Researchers have discovered how a protein produced by immune cells, known as tumor necrosis factor (TNF), which is commonly used in treating autoimmune and inflammatory diseases, increases the risk of tuberculosis (TB). TB, caused by ‘Mycobacterium tuberculosis’ (Mtb), is the leading cause of death from infectious diseases globally, though it affects only about 5% of those infected. Traditionally, a deficiency in TNF was known to raise TB risk, but new research published in Nature challenges earlier beliefs about the immune system’s role.
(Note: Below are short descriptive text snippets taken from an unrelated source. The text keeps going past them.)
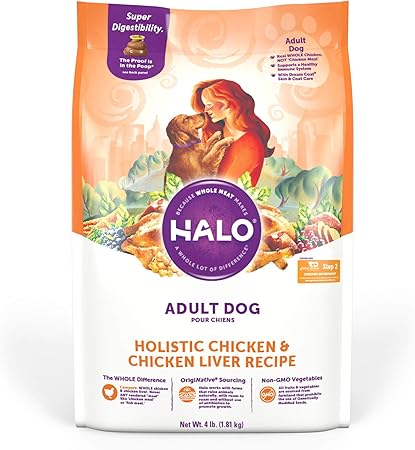 chihuahua that looks like a fox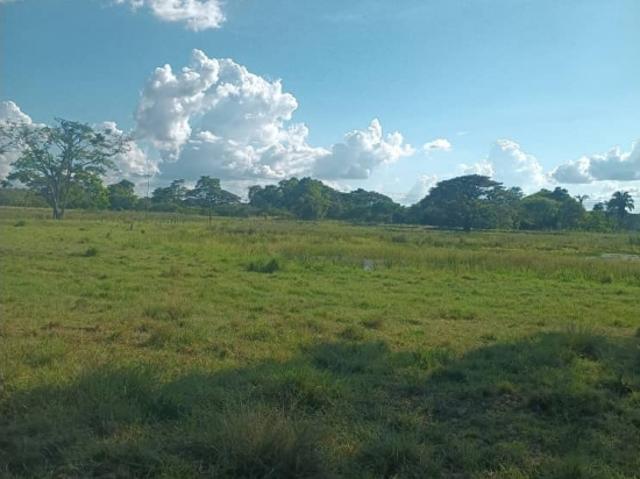 Finca en venta en Barinas
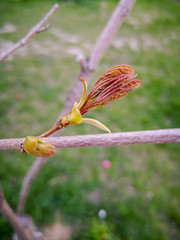 Close-up of a young leaf not yet opened brown on a bare branch on a green background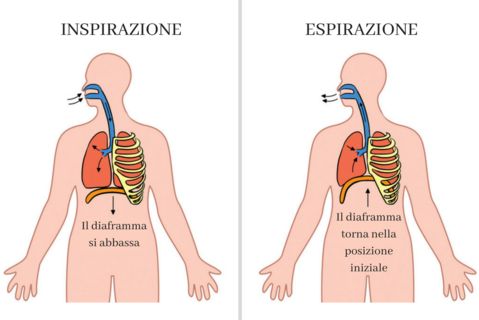 Respiración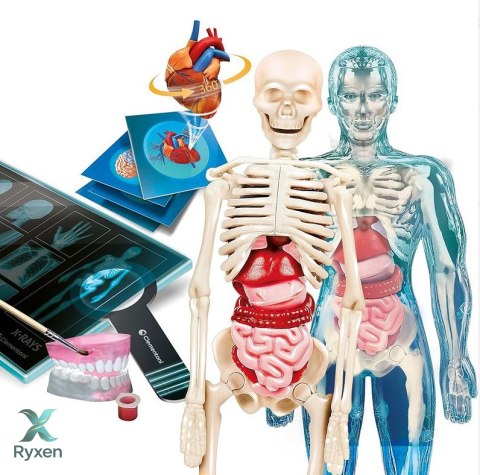 Naukowa Zabawa Super Anatomia Język Polski Clementoni 50919 CLEMENTONI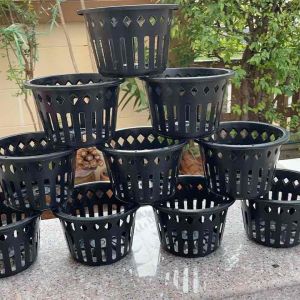 8" กล้วยไม้ แพ็ค 10 ใบ กระถางสินค้าพร้อมส่ง (กระถางกล้วยไม้)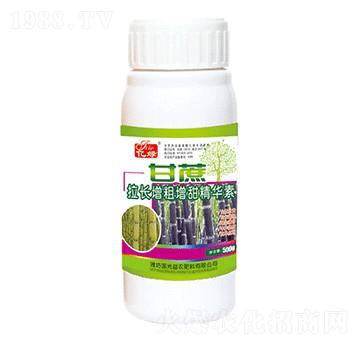 �������L���������A��-�������r(n��ng)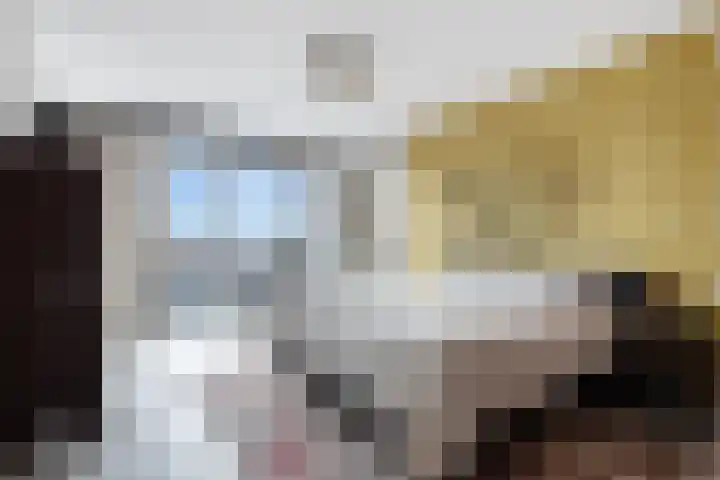 Jaagpad 51 Alkmaar thumbnail 43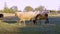 Herd of sheeps grazing on the field in the village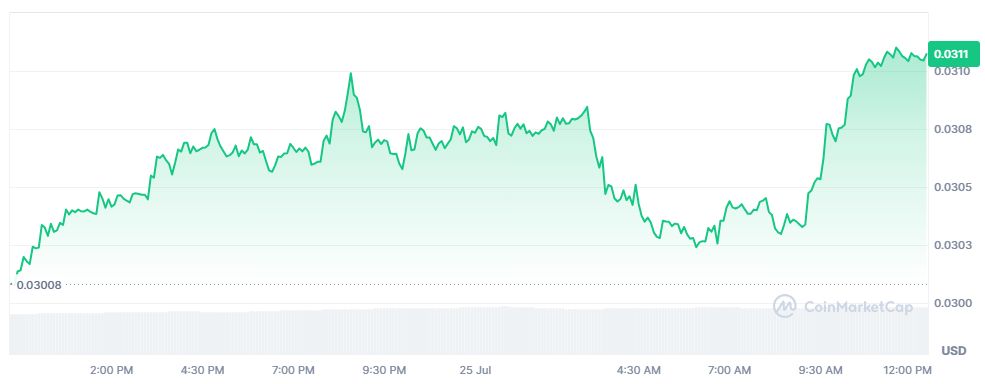 XDC Network Token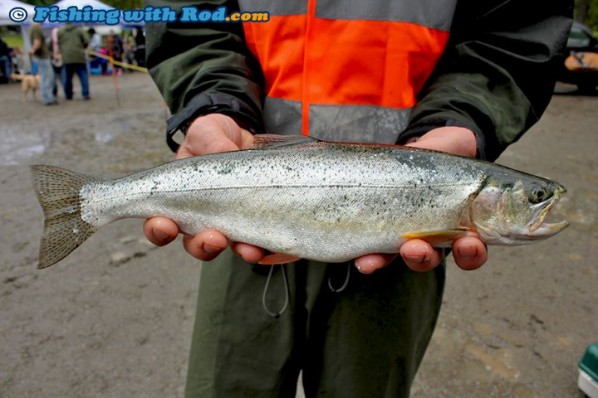 Cultus Lake coastal cutthroat trout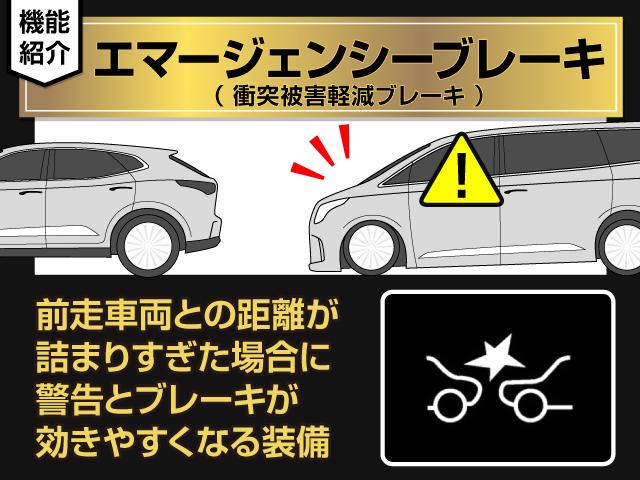 エルグランド ３５０ハイウェイスタープレミアムアーバンクロム　（禁煙車）（ＢＯＳＥサウンドシステム）後席モニター／全周囲カメラ／インテリジェントクルーズコントロール／エマージェンシーブレーキ／標識検知機能／車線逸脱警報／黒本革シート／両側電動スライドドア／ＥＴＣ（33枚目）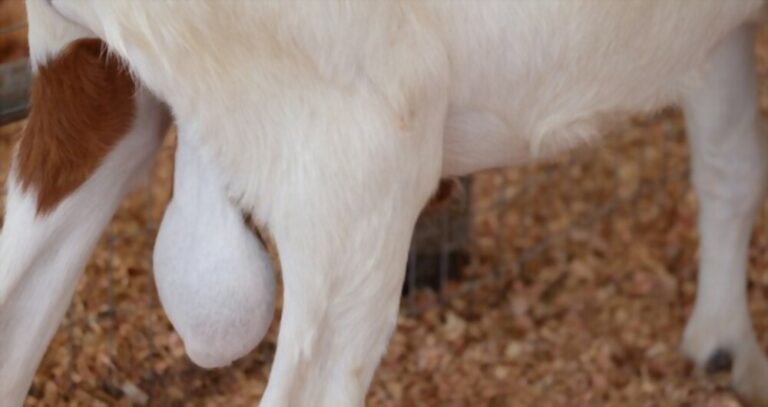 Why Do Goats Have Big Balls? The Science Explained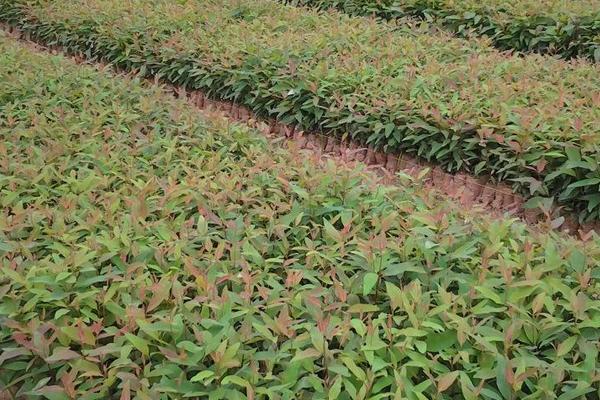 不傷樹苗的除草劑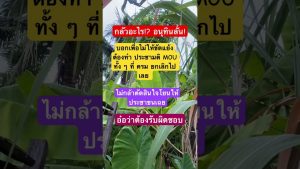 Les dernières tendances EDM et remix de Got7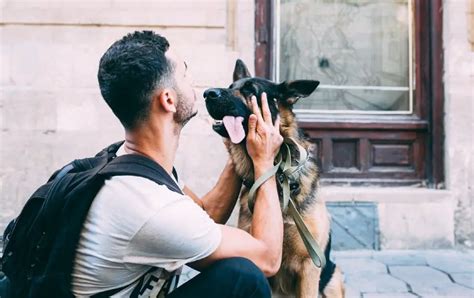 reasons  german shepherd owners   bored german shepherd country
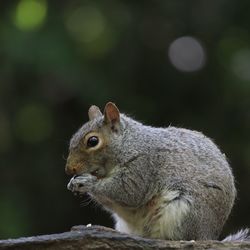 Close-up of squirrel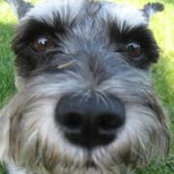 Michael Wolf's photo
The study, led by Jean-Laurent Casanova from Rockefeller University, reveals that TNF is crucial for protecting the lungs against TB by maintaining specific immune processes. A lack of TNF, however, debilitates this defense mechanism, leading to severe illness. This was highlighted through the cases of two individuals in Colombia, a 28-year-old woman and her 32-year-old cousin, who suffered from recurrent TB despite initially responding to antibiotics. Genetic analysis showed they were the only family members with a TNF gene mutation that impaired TNF function, resulting in Mtb overwhelming their lung macrophages.
The findings clarify why TNF inhibitors, used for treating autoimmune diseases, increase TB susceptibility: without TNF, a critical component of the immune defense against TB is compromised.